Bill Clinton tried, and failed, to reunite Led Zeppelin for 12-12-12
Even Bill Clinton couldn't get Led Zeppelin back together.
The Robin Hood Foundation, the nonprofit that reunited the surviving members of Nirvana for the 12-12-12 Sandy concert in December, revealed on the "60 Minutes Overtime" webcast Sunday night that it tried to bring Led Zeppelin to the show and recruited the former prez to make it happen.
David Saltzman, the group's executive director, said he approached movie mogul Harvey Weinstein and came up with an idea to have former President Bill Clinton convince the band to perform at the Madison Square Garden show.
Clinton, a fan of classic rock bands, immediately signed on. "I really want to do this. This is a fantastic thing. I love Led Zeppelin," Saltzman recalled the president saying.

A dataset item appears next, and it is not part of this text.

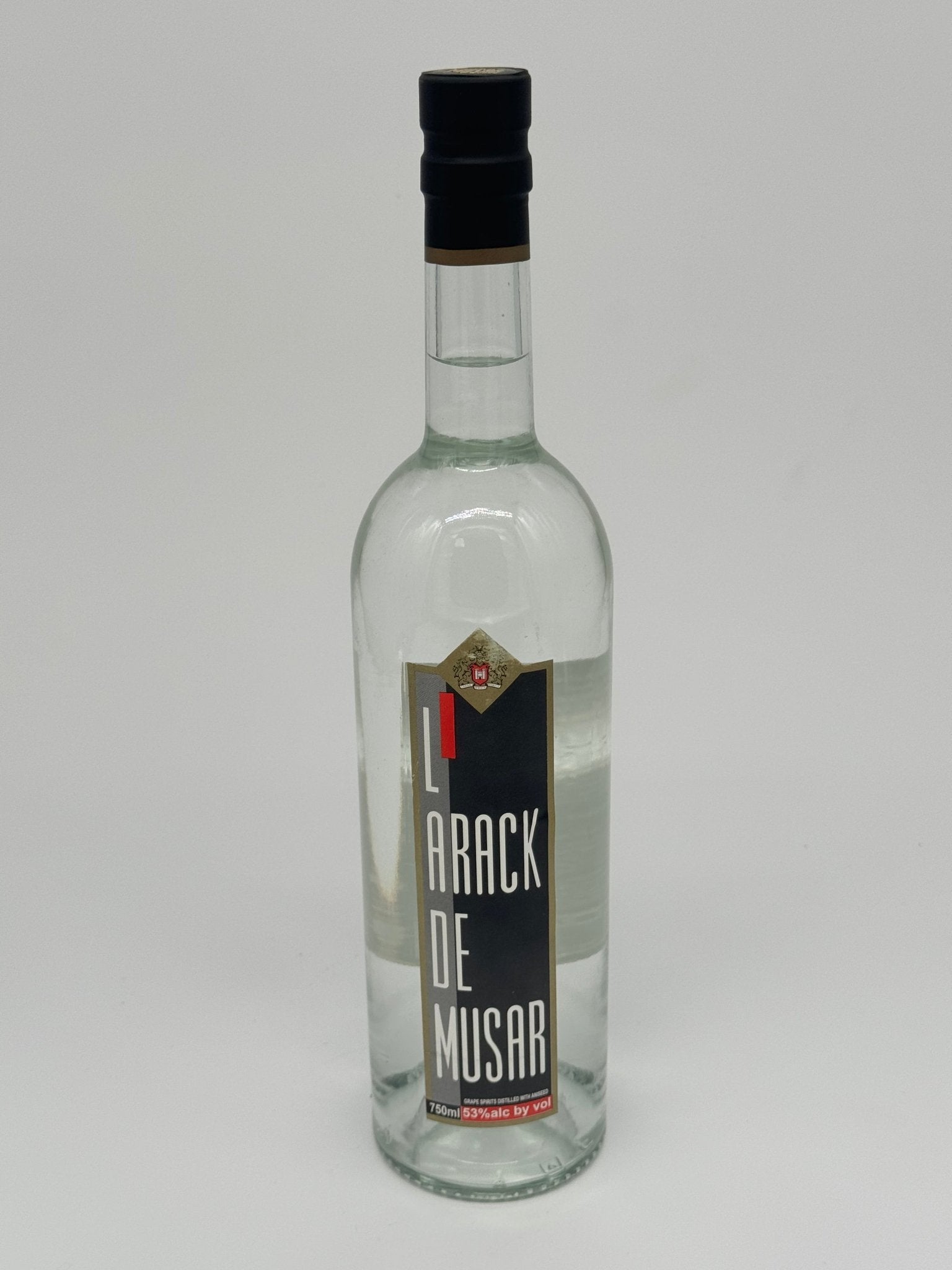 L Arack De Musar 750mL - BuyMyLiquor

Clinton met with Jimmy Page, Robert Plant and John Paul Jones at the Kennedy Center Awards on Dec. 2 and made his pitch. But the members, who last performed together in 2007, declined. The band officially broke up in 1980 following the death of drummer John Bonham.

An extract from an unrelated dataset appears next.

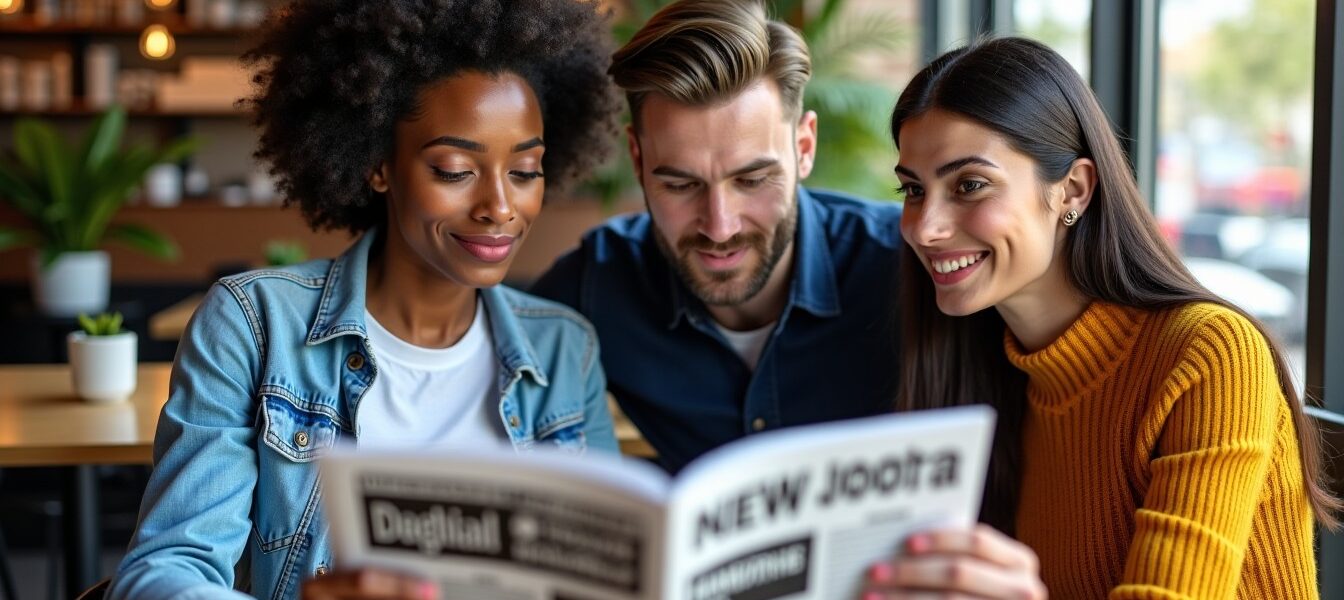 Algemeen Dagblad Magazine : découverte et temps forts de l’actualité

Satlzman's second choice, the Rolling Stones, stepped in, but Keith Richards toyed with him first.
The executive director said he bumped into Richards at the airport and the iconic guitarist gave Saltzman a message for Weinstein, responding with a four-letter word.
"Their publicist came right up from behind [him] and said, 'You know what, they're going to do it. He's just joking with you,'" Saltzman said.